** Opening DATA FOR REVIEW block **

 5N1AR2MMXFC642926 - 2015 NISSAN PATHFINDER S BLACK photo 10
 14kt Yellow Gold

** Closing DATA FOR REVIEW block **
** Opening DATA FOR REVIEW block **

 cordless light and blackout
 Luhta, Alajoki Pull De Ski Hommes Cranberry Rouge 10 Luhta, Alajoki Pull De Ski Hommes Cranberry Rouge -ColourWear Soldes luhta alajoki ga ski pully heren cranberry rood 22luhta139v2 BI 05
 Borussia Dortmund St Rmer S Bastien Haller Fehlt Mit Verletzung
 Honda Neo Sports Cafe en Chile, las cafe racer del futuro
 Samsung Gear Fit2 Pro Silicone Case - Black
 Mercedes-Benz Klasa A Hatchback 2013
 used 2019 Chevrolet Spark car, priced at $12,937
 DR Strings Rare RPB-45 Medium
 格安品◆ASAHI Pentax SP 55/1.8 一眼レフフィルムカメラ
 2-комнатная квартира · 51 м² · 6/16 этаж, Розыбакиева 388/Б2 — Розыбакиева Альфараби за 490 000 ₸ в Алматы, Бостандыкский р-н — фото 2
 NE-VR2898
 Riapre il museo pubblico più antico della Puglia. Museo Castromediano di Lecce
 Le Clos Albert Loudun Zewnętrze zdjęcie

** Closing DATA FOR REVIEW block **

### WORK TO COMPLETE
Please copy, exactly as written, every line in the listing above from the line with "Samsung Gear Fit2 Pro Silicone Case - Black" up to and including the line with "Le Clos Albert Loudun Zewnętrze zdjęcie".

### SOLVED PROBLEM
 Samsung Gear Fit2 Pro Silicone Case - Black
 Mercedes-Benz Klasa A Hatchback 2013
 used 2019 Chevrolet Spark car, priced at $12,937
 DR Strings Rare RPB-45 Medium
 格安品◆ASAHI Pentax SP 55/1.8 一眼レフフィルムカメラ
 2-комнатная квартира · 51 м² · 6/16 этаж, Розыбакиева 388/Б2 — Розыбакиева Альфараби за 490 000 ₸ в Алматы, Бостандыкский р-н — фото 2
 NE-VR2898
 Riapre il museo pubblico più antico della Puglia. Museo Castromediano di Lecce
 Le Clos Albert Loudun Zewnętrze zdjęcie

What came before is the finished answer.